Overall dissatisfaction has been triggered by the recent survival of an existential global threat. You may not personally feel that way about COVID, but your subconscious certainly does and ongoing threats of nuclear war and financial crises are not changing its mind. As with any near-death experience, it’s making us ask ourselves ‘if I had my life over, what would I do differently’?
Some of us are consciously considering this - and those people can narrow down their overall dissatisfaction to specific areas. But they are in the minority. Most are still unconsciously considering it, and hence so many are feeling an overall dissatisfaction that they cannot label.
This is the first place that you can help by engaging your teams to help them identify their own overall dissatisfaction. Don’t worry that you’ll be putting ideas into their heads, the dissonance already exists, they are just not talking to you about it (and I suspect that you are not talking them about yours either).

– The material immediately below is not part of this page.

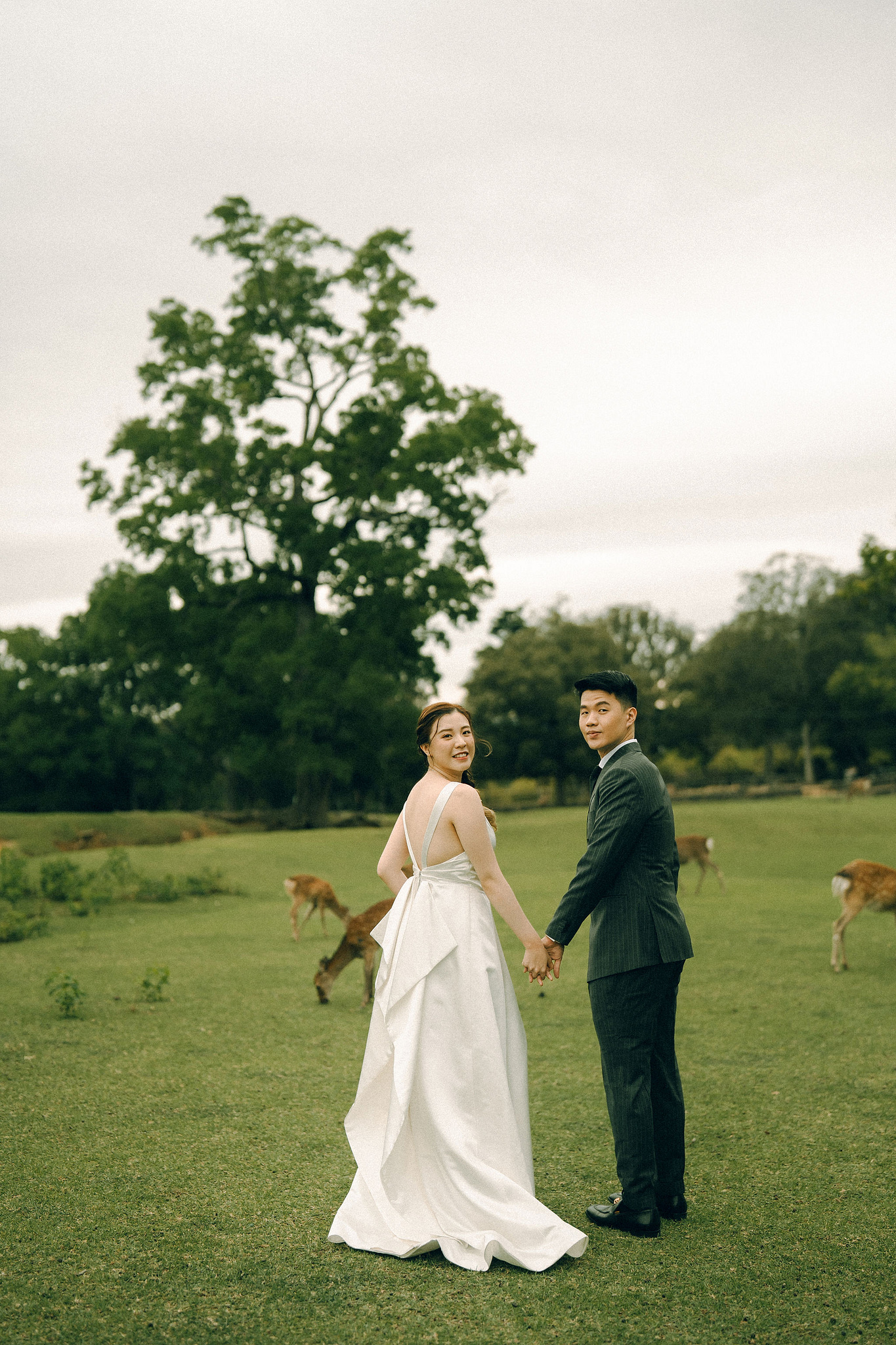 Kyoto Pre-Wedding Photoshoot | Fushimi Inari, Gion & Nara Park at Nara Park & Surrounding Hills pre-wedding photo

Identifying what’s changed
The first question that will help is to determine our own values and how they fit with our existing life and career choices. Run a team values audit - there are plenty of people around who could not confidently label their values, and even more people who have not run a recent audit of those values to identify what’s changed. This matters because when our values change, so does our reaction to an environment that has historically been ok.
This changed reaction to the environment is behind significant life changes like getting a divorce, leaving a job or changing career.

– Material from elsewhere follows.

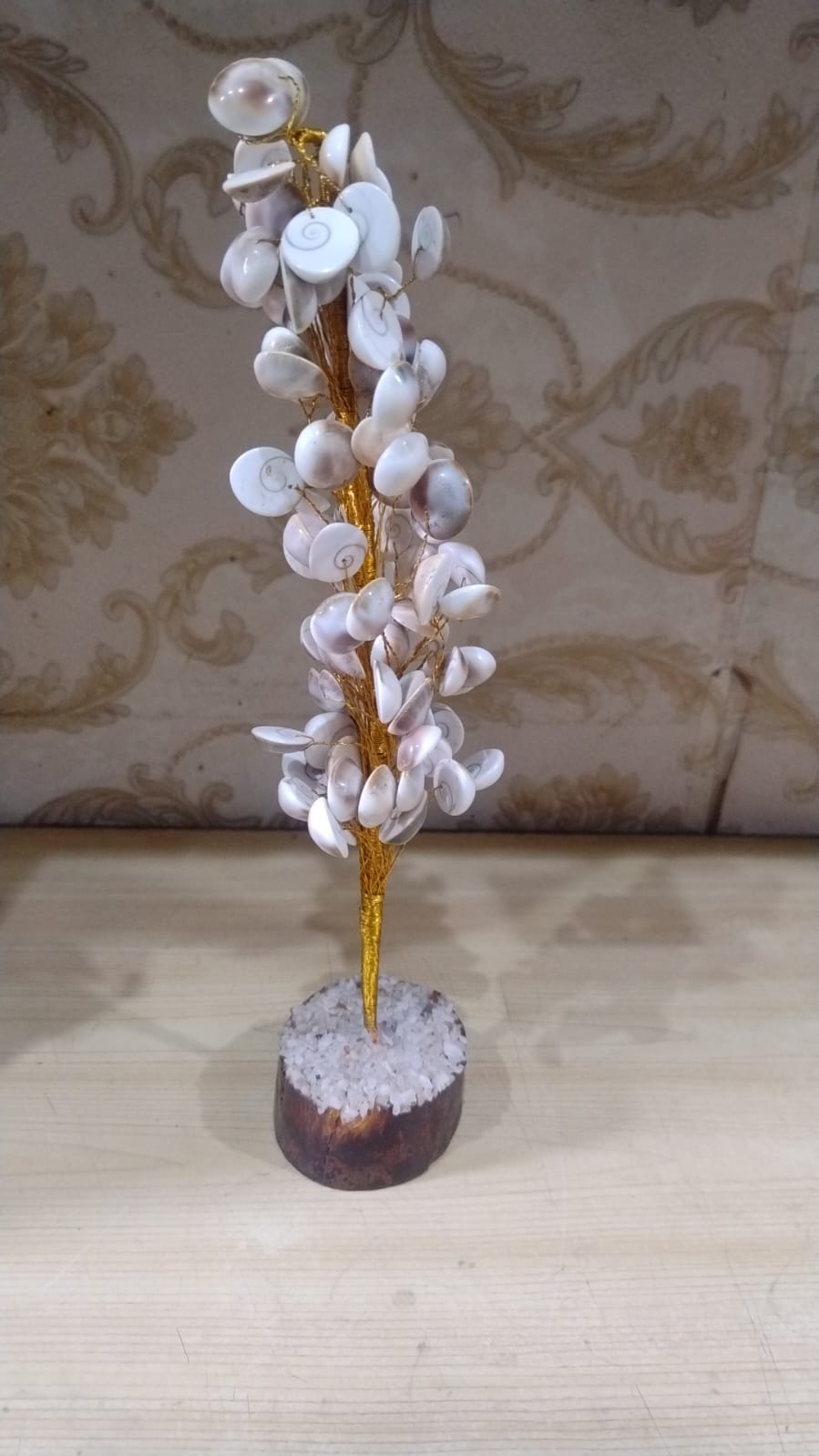 Gomti Chakra Tree Onaar Gracious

Then you can talk about tolerance levels. For many people, this shift of values gives rise to the conversation about ‘what I’m no longer willing to tolerate in order to simply be paid’. Quiet quitting is a perfect example of the sudden intolerance to historically standard expectations that you will work above and beyond. Tolerance to low levels of autonomy, expected work practices or toxic behaviours are critical to re-establish - because the tolerance levels have changed. It’s why a perfectly tolerated commute pre-COVID is a reason to resign post-COVID.
These insights will tell you where to focus at an individual level - because values are profoundly personal, and that’s why one size no longer fits all.
In my experience of working with leaders and their teams to stem attrition and reset their expectations and relationships, these are the three areas that need the greatest focus:
Long hours decrease our life expectancy by 20%, and after a certain point, productivity declines for every additional hour. And yet we keep increasing the workload and expecting more from less. In Japan they call it ‘Karoshi’ which means death by overworking, and the WHO proves that overworking is killing us. Buy into the burnout bandwagon or not - the fierce pace of work and overwhelming workload is an issue that needs a sustainable solution. This is why over 100 organisations globally are trialing a four-day work-week, to allow workers to be more focused and productive when the heat is on, and to have more rest and recuperation in between.
If staying with you means going nowhere for them, then of course they will move - and this applies to progressing both their skills and their career. Career growth is so important that HBR tells us for every 10 months in a role, an individual is 1% more likely to leave you. LinkedIn’s Workforce Learning Report found 94% of employees would stay longer if their employer invested in their learning.
The disproportionate impact of leadership on your ability to tolerate your environment, and on your decision to stay or go - has never been more profound. Visier’s 2022 report shows that 43% of the workforce has quit because of a bad manager. In this context, your leaders need more support. Employee motivation and management has never been so complex and personalised and the ‘right’ approach has never been more ambiguous. Most mid-level leaders, are not receiving sufficient development to confidently create a psychologically safe workplace where they can hold these critical conversations.